In a multioscillator there operate two gyros. Two of the oppositely propagating beams produce signals for one gyro, and the other two oppositely propagating beams produce signals for the other gyro.
Because the two frequencies of each gyro do not coincide in the presence of zero angular velocity about the sensing axis of the gyro, each gyro is frequency biased. As the measured angular velocity increases, the two frequencies of one of the gyros diverge, and the two frequencies of the other of the gyros converge. The differences in sense of polarization allow the two gyro signals to be identified and converted into electrical signals which are measures of sensed angular velocity.
The output signal of a ring laser gyro is a heterodyne signal between the optical frequencies of the two beams comprising that gyro. The bias frequency is subtracted out, and the difference is proportional to the measured angular velocity. The use of a multioscillator avoids certain problems such as frequency locking of the two frequencies of the primary beams of a gyro when their difference frequency is small.
Designate the four beams herein, from lowest frequency to highest frequency, left circularly polarized anticlockwise, "La," left circularly polarized clockwise, "Lc," right circularly polarized clockwise, "Rc," and right circularly polarized anticlockwise, "Ra" beams.
There are means for extracting the beams and beating them against each other to produce signals which are a measure of angular velocity. For example, a portion of the two beams may be extracted and the extracted beam or beams folded and superimposed to produce fringes which are readily countable as they move across an optical field. It is most convenient to use the Lc, Ra beams for one gyro and the La, Rc beams for the other gyro.
There are three types of differential losses among the four lasing modes of a multioscillator ring laser gyro. When the left-circularly polarized modes (La, Lc) suffer different round-trip cavity loss from the right-circularly polarized modes (Ra, Rc) the differential loss is called, "differential polarization loss" (DPL).
When the clockwise modes (Lc, Rc) suffer different round-trip cavity loss from the anticlockwise modes (La, Ra) the differential loss is called, "differential directional loss" (DDL).
When the modes of one helicity (La,Rc) suffer different round-trip cavity loss than the modes of the other helicity (Lc,Ra) the differential loss is called, "magnetic circular dichroic loss" (MCDL).
Of the three types of loss, the multioscillator frequency bias is most sensitive, perhaps by a factor of a thousand, to MCDL. The operation of the invention could be used to reduce DDL and DPL, but for the best performance improvement in the multioscillator gyro, it is used to reduce MCDL.

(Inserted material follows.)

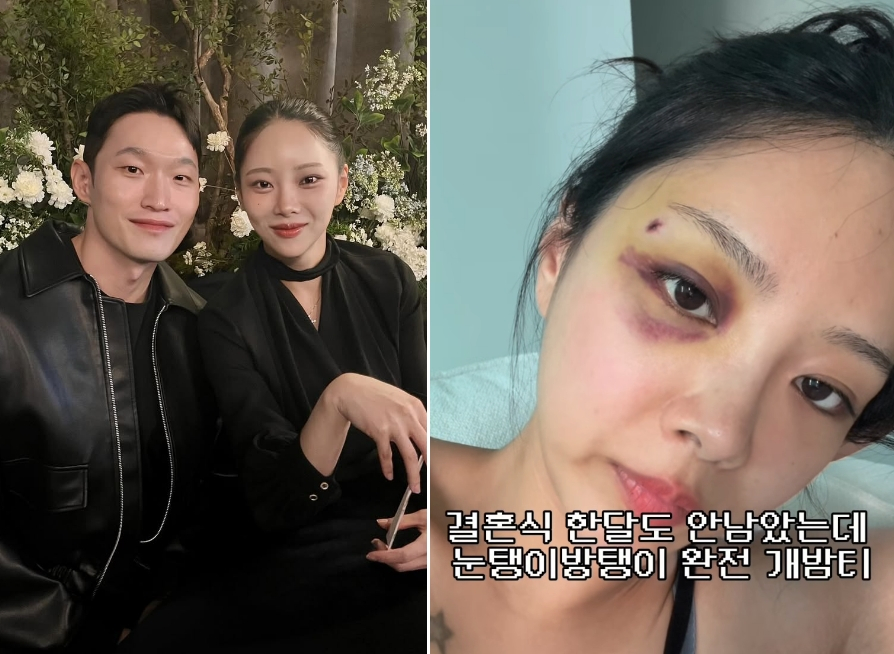 '나는 솔로' 출신 김슬기가 '돌싱글즈' 출신 유현철과 재혼 후 결혼식을 앞두고 있는 가운데 멍이 든 얼굴을 공개해 걱정을 샀다. /사진=김슬기 인스타그램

Change in MCDL with temperature variation causes unwanted change in the multioscillator ring laser gyro frequency biases. Some of the frequency bias changes are such that their amplitudes vary monotonically with temperature, but others cycle, varying first upward or downward with changed temperature, then changing direction as the temperature further changes.
One possible way of removing all the differential loss effects (DPL, DDL and MCDL) caused by the double-bounce beams in the wedge would be to arrange the first and second double-bounce beams always to be anti-phased so their phasor sum is zero. In practice this is not likely because the scatter and reflection amplitudes from the two Faraday wedge faces are not equal, and because selection of the differential phase shifts between the two wedge faces, for scattering and reflection, likely cannot be guaranteed. Faraday-wedge fabrication techniques are believed not available to achieve the required accuracy.